# TBG Central Zone Shoot 2014



## Jake Allen (Jan 14, 2014)

Y'all make plans for Feb. 15
Evans Farm in Culloden Ga. 
Start time 8.00 am
Shoot till your fingers are sore 

Your host: Hatchett Bow Dan Beckwith and crew

25 or so, 3D targets, set in the woods
Scoring 10/8/5
Recurve, Longbow or Self Bow Only
Fieldpoints Only
No Broadheads or Small Game Points
No Compounds or Crossbows

Fees to shoot all day (multiple rounds if you wish)
Members of Traditional Bowhunters of Georgia: $10.00
Non Members: $15.00
Family: (3 or more) $25.00
Cubs 12 and under: Free
You do not have to be a Member of TBG to enjoy this shoot.

Lunch is included

Ya'll come, please! Chuck and Bobbie Evans are wonderful, and gracious hosts. They open up this farm for our enjoyment.

Address:
2002 City of Refuge Road
Culloden, Ga 30016

from Highway 74 and 314 Intersection, take
Highwy 341/7 South 1/4 mile
Bear to the right on Main Street
Go to a Fork (before water tower)
Take the right
Go about 2 miles till the Crawford County Line
(road turns to dirt)
Another 3/4 mile and the farm is on the right
Brick Mailbox


----------



## Jake Allen (Jan 14, 2014)

Target set up day January 25th.
We will get started about 8ish, spend about 3 hours or so setting the course, then eat lunch, (lunch is on me), then shoot the course several times to check stake placement and such.
A good day and a fun time. Please come if you can, we can sure use the help.


----------



## Jake Allen (Jan 14, 2014)

Always a good time; friends and families.


----------



## Barry Duggan (Jan 14, 2014)

Excellent, I know a short cut to get over there.


----------



## gtfisherman (Jan 14, 2014)

I'm planning on it.

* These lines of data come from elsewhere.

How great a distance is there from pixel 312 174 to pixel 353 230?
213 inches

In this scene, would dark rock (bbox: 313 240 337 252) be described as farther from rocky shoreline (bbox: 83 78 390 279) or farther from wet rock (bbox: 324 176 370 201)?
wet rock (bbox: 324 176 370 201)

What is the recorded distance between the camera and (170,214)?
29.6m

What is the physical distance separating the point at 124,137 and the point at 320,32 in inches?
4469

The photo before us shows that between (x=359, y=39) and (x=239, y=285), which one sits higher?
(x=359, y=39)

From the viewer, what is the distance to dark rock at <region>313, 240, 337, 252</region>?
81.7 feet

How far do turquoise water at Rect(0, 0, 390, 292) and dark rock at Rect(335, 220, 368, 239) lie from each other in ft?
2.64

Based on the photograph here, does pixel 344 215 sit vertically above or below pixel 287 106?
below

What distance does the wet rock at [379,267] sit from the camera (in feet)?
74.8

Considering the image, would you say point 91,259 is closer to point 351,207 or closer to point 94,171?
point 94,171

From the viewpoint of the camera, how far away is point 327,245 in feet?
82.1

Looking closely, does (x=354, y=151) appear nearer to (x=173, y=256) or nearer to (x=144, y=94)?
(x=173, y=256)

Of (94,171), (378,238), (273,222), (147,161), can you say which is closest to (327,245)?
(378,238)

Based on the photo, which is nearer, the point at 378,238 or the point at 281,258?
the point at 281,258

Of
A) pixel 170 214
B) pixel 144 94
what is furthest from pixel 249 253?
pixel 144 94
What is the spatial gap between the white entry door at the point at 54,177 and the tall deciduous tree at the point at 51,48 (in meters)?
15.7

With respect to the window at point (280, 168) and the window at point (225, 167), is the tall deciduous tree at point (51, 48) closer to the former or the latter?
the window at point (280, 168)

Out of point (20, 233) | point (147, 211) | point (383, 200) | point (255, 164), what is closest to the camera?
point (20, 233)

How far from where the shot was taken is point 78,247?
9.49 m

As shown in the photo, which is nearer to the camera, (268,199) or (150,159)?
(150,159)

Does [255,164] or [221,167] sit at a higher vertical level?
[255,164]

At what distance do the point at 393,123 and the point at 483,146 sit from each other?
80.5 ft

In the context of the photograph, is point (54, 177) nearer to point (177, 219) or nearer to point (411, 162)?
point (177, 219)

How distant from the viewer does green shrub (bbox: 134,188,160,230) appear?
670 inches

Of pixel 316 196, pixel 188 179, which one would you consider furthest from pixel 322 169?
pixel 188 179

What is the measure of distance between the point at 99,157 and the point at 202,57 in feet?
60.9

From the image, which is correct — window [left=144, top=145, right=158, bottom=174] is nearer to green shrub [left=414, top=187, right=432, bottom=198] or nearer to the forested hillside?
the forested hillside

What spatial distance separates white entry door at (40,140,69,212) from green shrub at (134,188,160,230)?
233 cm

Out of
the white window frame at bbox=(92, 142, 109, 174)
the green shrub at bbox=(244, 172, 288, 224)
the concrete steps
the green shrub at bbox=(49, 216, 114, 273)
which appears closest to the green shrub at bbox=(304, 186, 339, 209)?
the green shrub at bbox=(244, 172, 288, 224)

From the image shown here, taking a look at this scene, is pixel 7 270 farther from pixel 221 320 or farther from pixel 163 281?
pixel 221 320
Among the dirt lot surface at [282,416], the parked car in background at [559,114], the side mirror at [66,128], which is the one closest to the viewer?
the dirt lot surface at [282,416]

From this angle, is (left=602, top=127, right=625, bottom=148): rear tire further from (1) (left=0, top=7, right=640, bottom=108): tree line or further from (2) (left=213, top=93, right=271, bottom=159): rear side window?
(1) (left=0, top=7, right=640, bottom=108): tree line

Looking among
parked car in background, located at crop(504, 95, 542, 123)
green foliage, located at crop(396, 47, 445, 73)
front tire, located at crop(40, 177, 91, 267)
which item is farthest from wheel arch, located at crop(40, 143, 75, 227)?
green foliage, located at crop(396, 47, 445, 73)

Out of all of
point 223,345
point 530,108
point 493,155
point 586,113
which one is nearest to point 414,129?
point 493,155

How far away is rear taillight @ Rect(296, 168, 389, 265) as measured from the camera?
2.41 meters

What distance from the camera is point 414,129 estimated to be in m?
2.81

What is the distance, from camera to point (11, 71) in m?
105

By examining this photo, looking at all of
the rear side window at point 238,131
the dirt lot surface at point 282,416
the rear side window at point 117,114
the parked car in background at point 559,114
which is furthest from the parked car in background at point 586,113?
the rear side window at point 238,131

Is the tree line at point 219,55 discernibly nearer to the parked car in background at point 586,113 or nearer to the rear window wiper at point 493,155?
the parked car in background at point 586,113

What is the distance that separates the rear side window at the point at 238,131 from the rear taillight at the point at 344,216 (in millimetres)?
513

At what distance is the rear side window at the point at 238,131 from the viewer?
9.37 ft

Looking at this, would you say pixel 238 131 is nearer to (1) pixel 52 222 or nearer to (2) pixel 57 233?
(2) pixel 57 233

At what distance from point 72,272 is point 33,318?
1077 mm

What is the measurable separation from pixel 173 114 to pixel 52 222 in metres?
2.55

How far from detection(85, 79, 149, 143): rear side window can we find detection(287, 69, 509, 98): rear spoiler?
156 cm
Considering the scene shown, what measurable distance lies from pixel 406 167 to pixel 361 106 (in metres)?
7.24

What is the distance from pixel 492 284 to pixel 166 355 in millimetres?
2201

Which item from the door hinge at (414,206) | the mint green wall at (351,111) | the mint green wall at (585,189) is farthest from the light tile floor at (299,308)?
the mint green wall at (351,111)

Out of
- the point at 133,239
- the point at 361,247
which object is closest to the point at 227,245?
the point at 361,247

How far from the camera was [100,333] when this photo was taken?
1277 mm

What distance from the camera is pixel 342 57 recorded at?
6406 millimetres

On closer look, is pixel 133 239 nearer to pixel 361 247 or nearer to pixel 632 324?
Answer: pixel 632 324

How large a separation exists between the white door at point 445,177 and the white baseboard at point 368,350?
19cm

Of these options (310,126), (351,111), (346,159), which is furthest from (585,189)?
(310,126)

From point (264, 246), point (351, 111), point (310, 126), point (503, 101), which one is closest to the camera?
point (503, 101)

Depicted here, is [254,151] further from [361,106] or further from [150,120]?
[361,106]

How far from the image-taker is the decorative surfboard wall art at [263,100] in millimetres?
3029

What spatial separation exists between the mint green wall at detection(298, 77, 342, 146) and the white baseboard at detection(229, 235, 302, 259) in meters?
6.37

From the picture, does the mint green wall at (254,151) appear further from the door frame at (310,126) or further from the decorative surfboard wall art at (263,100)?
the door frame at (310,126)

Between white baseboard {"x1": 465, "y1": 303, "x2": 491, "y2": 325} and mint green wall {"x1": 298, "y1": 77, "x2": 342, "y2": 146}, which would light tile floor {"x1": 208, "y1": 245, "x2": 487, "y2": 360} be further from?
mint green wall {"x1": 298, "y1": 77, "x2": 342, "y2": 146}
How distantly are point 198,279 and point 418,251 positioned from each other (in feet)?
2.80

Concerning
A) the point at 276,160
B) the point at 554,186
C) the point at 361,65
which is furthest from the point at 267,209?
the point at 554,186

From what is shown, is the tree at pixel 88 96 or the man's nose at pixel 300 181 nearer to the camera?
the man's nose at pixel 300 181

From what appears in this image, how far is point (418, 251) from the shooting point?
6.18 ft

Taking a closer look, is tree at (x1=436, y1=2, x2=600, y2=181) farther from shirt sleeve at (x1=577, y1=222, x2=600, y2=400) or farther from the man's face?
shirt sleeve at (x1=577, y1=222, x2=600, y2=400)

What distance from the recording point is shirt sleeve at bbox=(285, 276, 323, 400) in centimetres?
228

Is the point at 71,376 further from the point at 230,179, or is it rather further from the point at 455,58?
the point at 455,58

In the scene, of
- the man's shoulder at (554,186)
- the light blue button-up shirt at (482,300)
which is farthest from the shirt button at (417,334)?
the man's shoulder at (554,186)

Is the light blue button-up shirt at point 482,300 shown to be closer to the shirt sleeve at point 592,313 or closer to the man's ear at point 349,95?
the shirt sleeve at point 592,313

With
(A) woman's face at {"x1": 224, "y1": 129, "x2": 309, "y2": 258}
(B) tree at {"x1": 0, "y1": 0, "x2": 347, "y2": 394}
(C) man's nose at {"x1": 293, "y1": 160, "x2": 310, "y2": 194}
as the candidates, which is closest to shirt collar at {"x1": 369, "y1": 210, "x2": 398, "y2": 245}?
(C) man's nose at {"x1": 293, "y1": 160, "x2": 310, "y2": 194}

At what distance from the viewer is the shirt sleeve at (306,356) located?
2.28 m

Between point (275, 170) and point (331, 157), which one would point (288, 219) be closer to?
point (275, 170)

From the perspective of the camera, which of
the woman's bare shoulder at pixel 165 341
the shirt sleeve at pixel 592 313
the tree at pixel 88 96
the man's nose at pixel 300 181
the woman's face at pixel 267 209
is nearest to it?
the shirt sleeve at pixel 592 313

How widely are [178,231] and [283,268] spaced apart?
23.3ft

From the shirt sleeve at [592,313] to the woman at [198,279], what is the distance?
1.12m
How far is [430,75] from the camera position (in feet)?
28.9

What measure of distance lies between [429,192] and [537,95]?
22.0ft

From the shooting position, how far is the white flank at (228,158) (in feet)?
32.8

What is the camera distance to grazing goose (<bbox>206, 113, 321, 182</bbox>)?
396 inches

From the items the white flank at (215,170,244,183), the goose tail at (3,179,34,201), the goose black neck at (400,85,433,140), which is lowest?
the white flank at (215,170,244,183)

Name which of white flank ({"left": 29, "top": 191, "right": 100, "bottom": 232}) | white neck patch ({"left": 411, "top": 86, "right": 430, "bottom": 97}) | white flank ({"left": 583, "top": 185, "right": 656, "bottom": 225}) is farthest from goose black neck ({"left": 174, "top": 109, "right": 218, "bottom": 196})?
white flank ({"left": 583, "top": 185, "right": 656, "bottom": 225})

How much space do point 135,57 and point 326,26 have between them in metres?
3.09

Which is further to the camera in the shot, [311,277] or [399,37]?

Just joined TBG.


----------



## dutchman (Jan 14, 2014)

Barry Duggan said:


> Excellent, I know a short cut to get over there.



So I've heard...


----------



## 2wheelfoster (Jan 14, 2014)

This is always a great shoot! Can't wait!


----------



## trad bow (Jan 14, 2014)

Got to work. Will try to get off. Can't shoot yet but would love to visit with everyone.


----------



## Skunkhound (Jan 14, 2014)

This is a great shoot. I really hope I can make it.


----------



## frankwright (Jan 14, 2014)

It is always a fun shoot.

Curious to why the scoring changed?


----------



## Barry Duggan (Jan 14, 2014)

frankwright said:


> It is always a fun shoot.
> 
> Curious to why the scoring changed?



Are we suppose to keep score? Don't really matter...it's not like many of us are going to have to count very high anyway...


----------



## jerry russell (Jan 15, 2014)

That is one fun place to be.


----------



## Jake Allen (Jan 15, 2014)

frankwright said:


> It is always a fun shoot.
> 
> Curious to why the scoring changed?



Information from Gene and Todd's well done participant survey about our annual State Shoot, indicated a large majority of those who responded, are in favor a 10/8/5 scoring system. 
So, it looks like we will be using that system for the 4th Annual Dan Quillian Memorial State shoot March 15 & 16. 
It seems the thing to do to begin the year with the same system.
So now Barry, for a 20 target course, instead of starting at 100 and subtracting missed points, we can start at 200. 
Oops, shot just outside the 5 ring on the first target; put me down for a 190.


----------



## Barry Duggan (Jan 15, 2014)

Jeff, please don't confuse me. Let's see, just when I am getting use to adding up points, now I'm suppose to revert to subtracting them? Crazy stuff...just put me down for a 3.


----------



## dutchman (Jan 16, 2014)

Barry Duggan said:


> Jeff, please don't confuse me. Let's see, just when I am getting use to adding up points, now I'm suppose to revert to subtracting them? Crazy stuff...just put me down for a 3.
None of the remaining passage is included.